It did this in the exercise of its own national sovereignty. And just as I could sit in Narva and write about my Tallinn without fear of Russia, it did not have to fear that its decision on this question—and on a thousand other more important matters it also addressed tomorrow—will carry the weight of risk to its continued independence.
The reason is NATO.
Consider also that there is another country that reasserted its independence after the Soviet Union’s demise. It also has borders with Russia. It also has regions in which, just like in Narva, a certain Russified minority population had retained loyalties to Russia, often concentrated in border areas. Yet this country lacked the security guarantees that come with NATO membership. And in 2014, Russia detached significant parts of its sovereign territory because of the supposed oppression of its Russian speaking population. And in 2022, Russia tried to dismember this nation entirely and obliterate its sovereign independence—much as Zhdanov did in Tallinn from that balcony onto which I projected this evening.

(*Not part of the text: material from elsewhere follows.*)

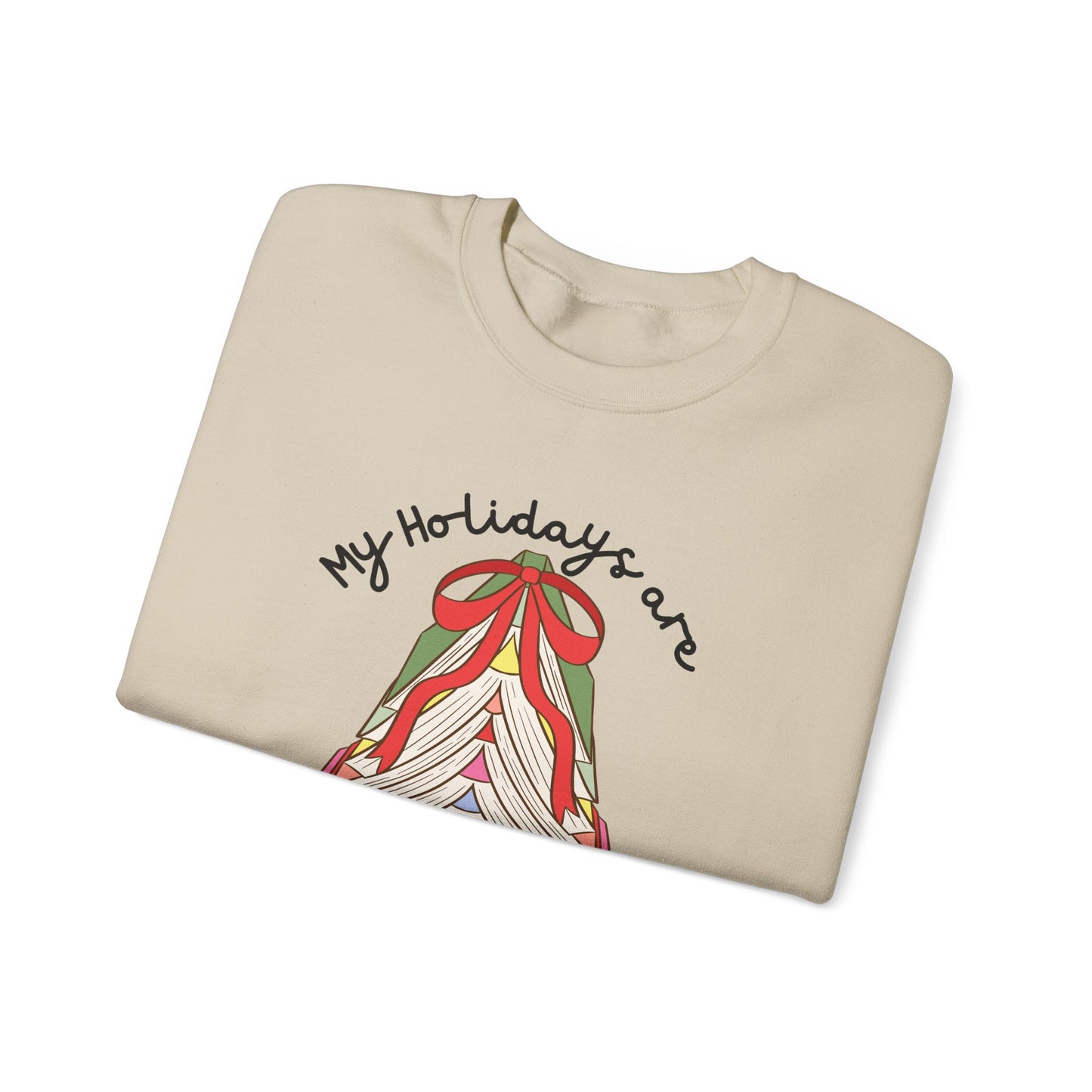 Crewneck Sweatshirt — “My Holidays Are Booked” Cozy Booklover Christmas Sweatshirt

Now take another look at that picture of the river with the two fortresses facing one another and a bridge between them across some buoys in the water that represent an imaginary line that separates a free country from a genocidal tyranny.

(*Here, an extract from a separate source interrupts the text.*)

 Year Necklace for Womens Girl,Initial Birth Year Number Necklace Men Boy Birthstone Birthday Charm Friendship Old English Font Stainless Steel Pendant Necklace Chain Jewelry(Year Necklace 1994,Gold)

And ask yourself what really protects Estonia. It’s surely not that great fiction of international law that says that smaller countries get to have independence too—the sovereign equality of states being a bit of nonsense lawyers made up. This nonsense applied to Estonia in 1940 and it applied to Ukraine both in 2014 and in 2022. And it protected nothing in either case.
Ask yourself as well how many days, weeks, or months in the absence of NATO you think it would take Vladimir Putin to send troops across that bridge and across that river because the Russian people of Narva are facing some great fictional oppression.
The countries with cities like Narva all know that it would not take long.
So how did the Estonian police handle my requests to project? It okayed the operation in Tallinn, which wrapped up about an hour ago. And the border police asked me to reconsider my Narva plans and not do a projection there.
The reason was not legality; the police did not direct me to stand down in Narva. They requested, rather, that I reconsider my plans. To be clear, the reason also wasn’t fear of provoking an international cross-border incident. The structure of deterrence is strong and stable here, thanks to Estonia’s NATO membership.
Rather, the authorities asked me not to project in Narva out of fear of what we might politely term domestic violent extremism among Russians on the Estonian side of the river. Things are tense in Narva, and the police are understandably concerned that putting a giant “Putin is a Dick” sign on Ivangorod fortress—or even putting a tasteful Ukraine flag on it—might spark violence.
Sparking violence is not my jam. And while I am all for provoking the Russians, I have no interest in creating problems for law enforcement in allied countries or exacerbating local tensions that others then have to manage.
Having spent the day yesterday in Narva, the Estonian fears seem entirely legitimate. So I have decided to honor the request and not project in Narva. Managing Russian irredentist sentiment in Narva is hard enough. I don’t want to make it harder.